What results is a psychological landscape shaped less by place attachment than by transaction. Buildings are erected to satisfy zoning codes and investor timelines. Ground-floor retail is embedded not where people naturally pass, but where it maximizes frontage. Streets are aligned with engineering precision, but lack emotional grain. Life, in these cities, is expected to arrive after construction—but by then, the psychological scaffolding for belonging has not been laid.
This approach fails to recognize how we inhabit cities not just physically, but affectively. People do not bond with a neighborhood because it’s finished. They bond because it feels unfinished in just the right way—open to contribution, rich with hints of shared use, malleable enough to matter.
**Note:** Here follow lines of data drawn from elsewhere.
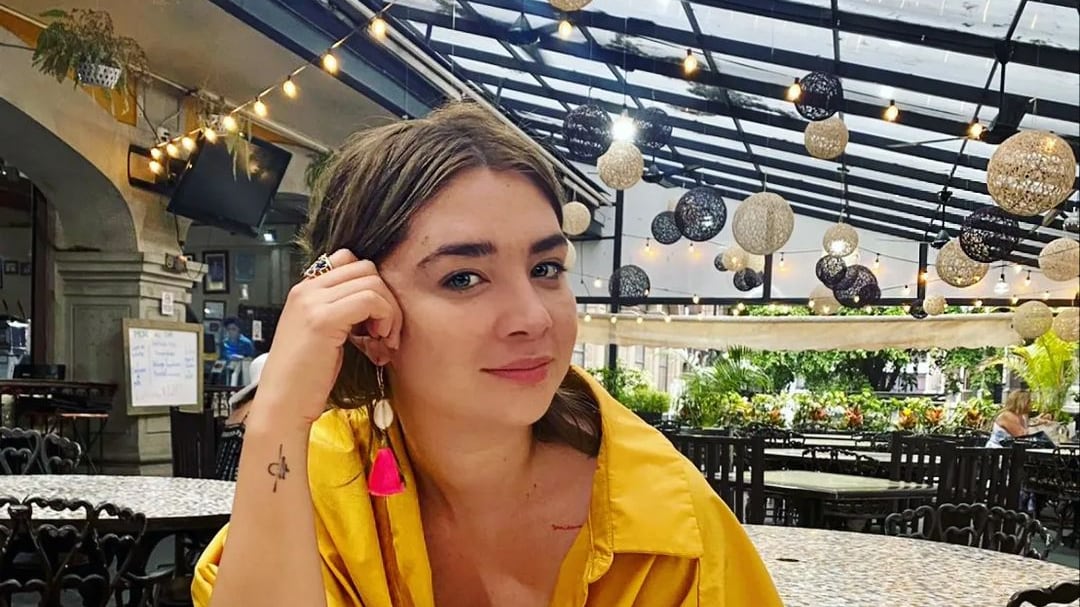 Daniela Luján revela sus momentos más humildes mientras la maquillan y te hará identificarte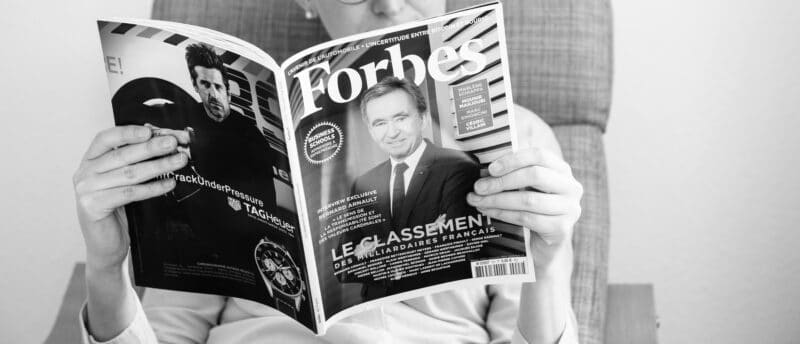 LA BIOGRAPHIE DE BERNARD ARNAULT: Milliardaire français et magnat de la  mode. Président-directeur général de LVMH Moët Hennessy – Louis Vuitton SE,  la plus grande entreprise mondiale de produits. : PUBLISHERS, PRIME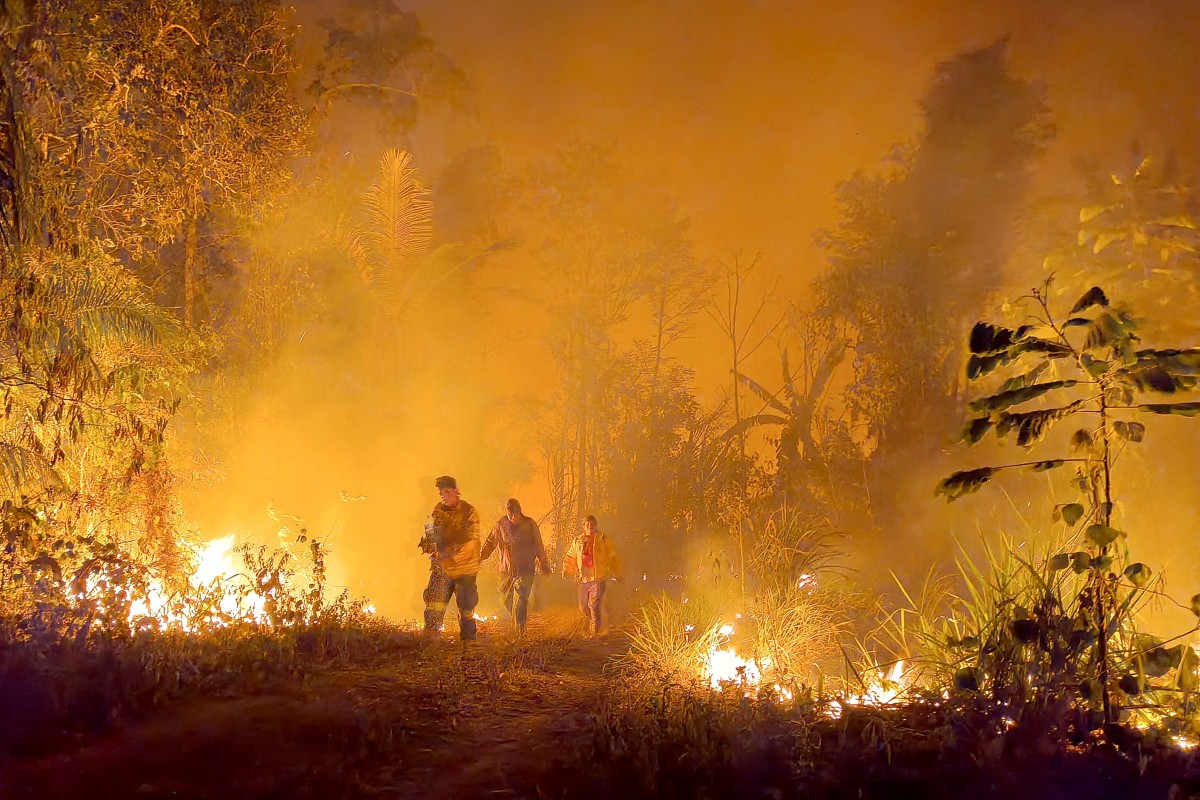 Bolivia suspende clases y vuelos por el humo ocasionado por incendios forestales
In the commodified city, such invitations are rare. Retail space is leased, not learned. Plazas are prescribed, not discovered. And when life fails to fill these frames, blame is deflected: onto the shopkeepers who can’t adapt, the consumers who won’t come, the residents who refuse to “activate” their neighborhood.
But the root issue is structural: the urban form was optimized for sale, not for settlement. Without flexibility, without time, without unfinished edges that invite participation, cities become psychologically closed. There is space, but no affordance. Infrastructure, but no intimacy.
In these environments, even the desire to dwell diminishes. People pass through, perform transactions, return home. The city becomes a backdrop, not a habitat. And with each vacancy that lingers, the message is subtly reinforced: this place was made to be sold—not to be lived.
Where Memory Outlives Design
Not all urban form comes from drawing boards. In many older neighborhoods, the city unfolds not through plans, but through repetition. A bakery that’s been there for twenty years. A shortcut no longer marked on maps. A wall where people lean while waiting for someone they know will pass. These are not designed features. They are psychological landmarks, shaped through time, not zoning.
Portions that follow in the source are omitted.